_WHAT THE TASK ASKS_. Return the following lines and nothing else: the one holding "mom and baby" and all those after it in the records below, unchanged, minus any pictures.

_EXERCISE INPUT_.
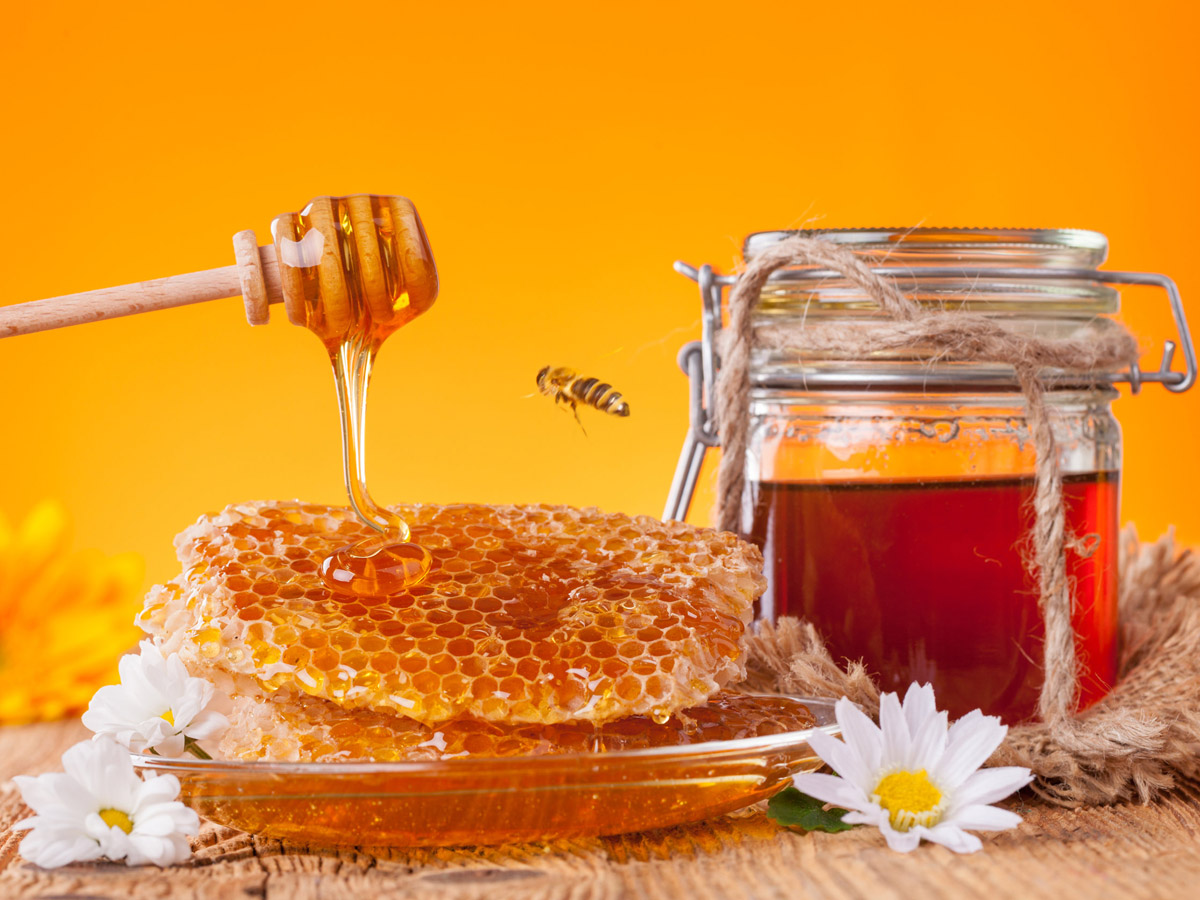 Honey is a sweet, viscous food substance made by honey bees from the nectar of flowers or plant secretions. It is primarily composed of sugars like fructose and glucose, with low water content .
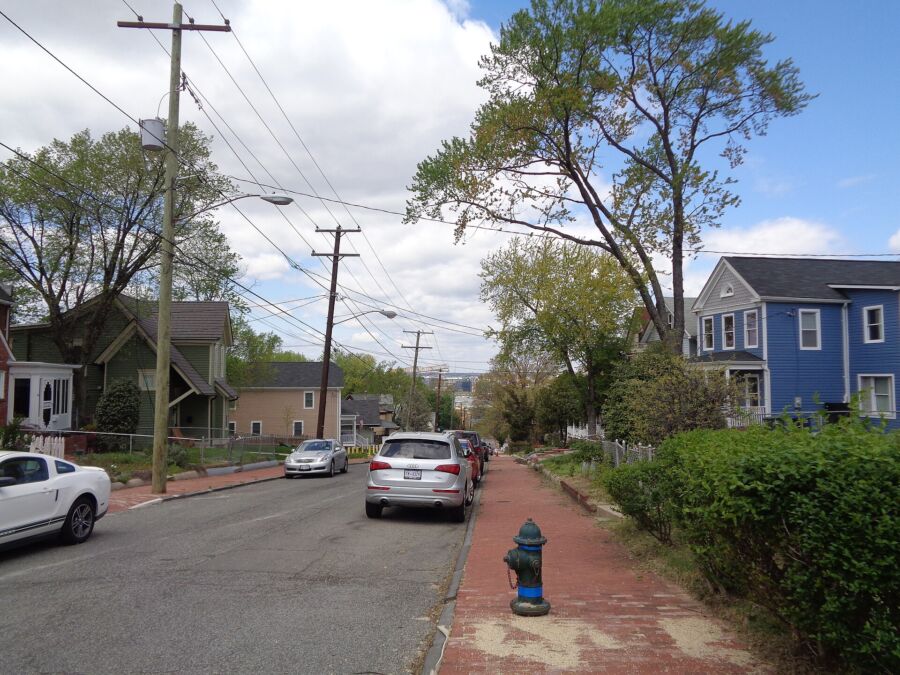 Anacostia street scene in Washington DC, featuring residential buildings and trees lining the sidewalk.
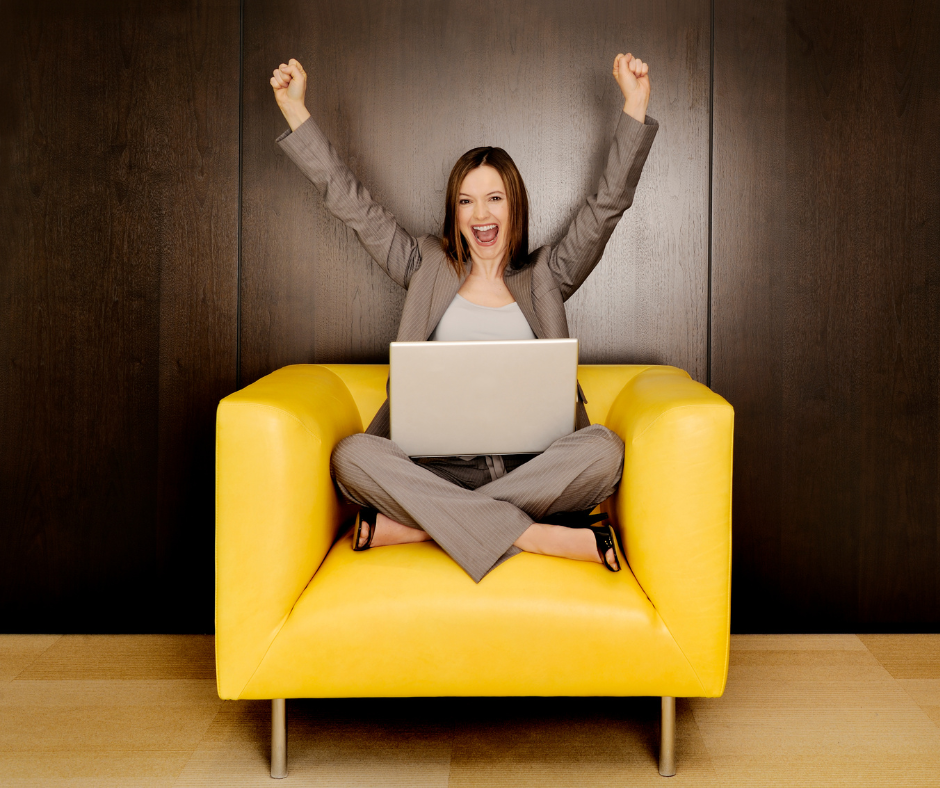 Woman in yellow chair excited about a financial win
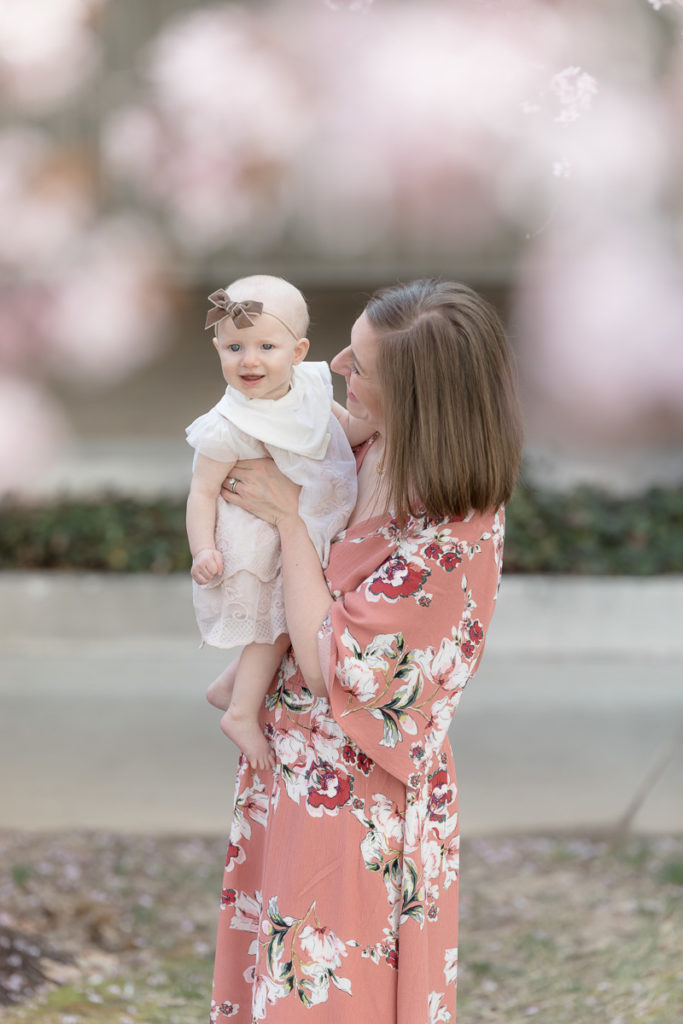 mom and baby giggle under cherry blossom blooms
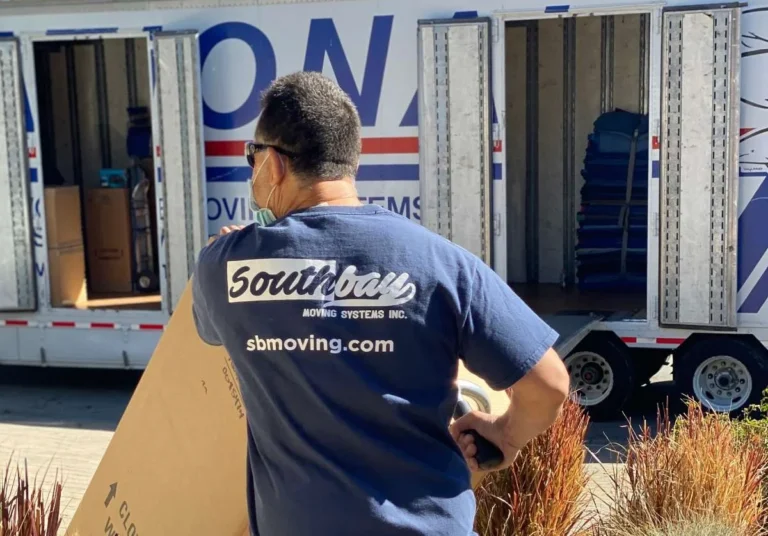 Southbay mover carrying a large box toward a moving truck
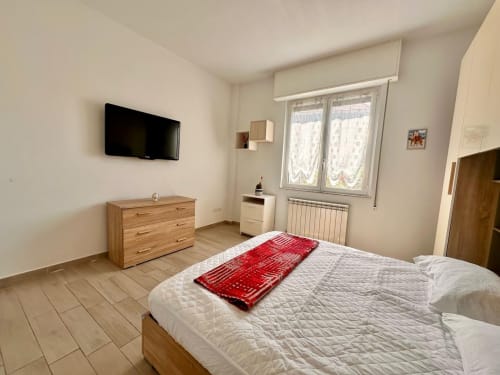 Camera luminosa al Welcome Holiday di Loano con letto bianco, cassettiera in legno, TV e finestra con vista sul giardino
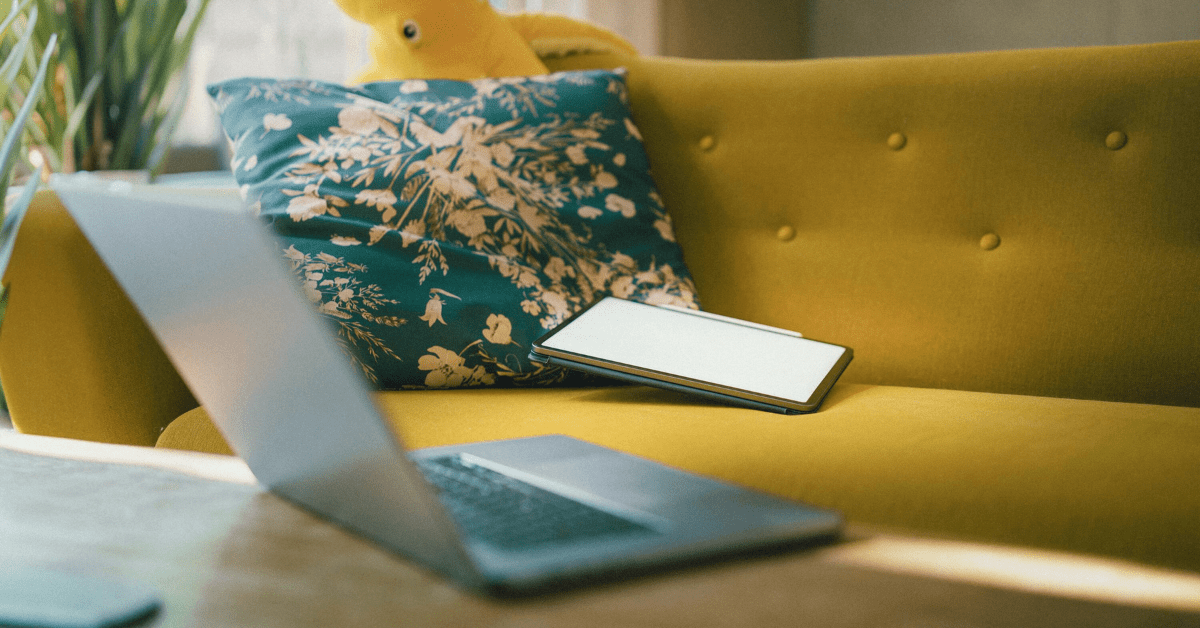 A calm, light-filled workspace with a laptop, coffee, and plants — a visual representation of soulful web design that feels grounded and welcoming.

_ANSWER TO THE EXERCISE_.
 mom and baby giggle under cherry blossom blooms
 Southbay mover carrying a large box toward a moving truck
 Camera luminosa al Welcome Holiday di Loano con letto bianco, cassettiera in legno, TV e finestra con vista sul giardino
 A calm, light-filled workspace with a laptop, coffee, and plants — a visual representation of soulful web design that feels grounded and welcoming.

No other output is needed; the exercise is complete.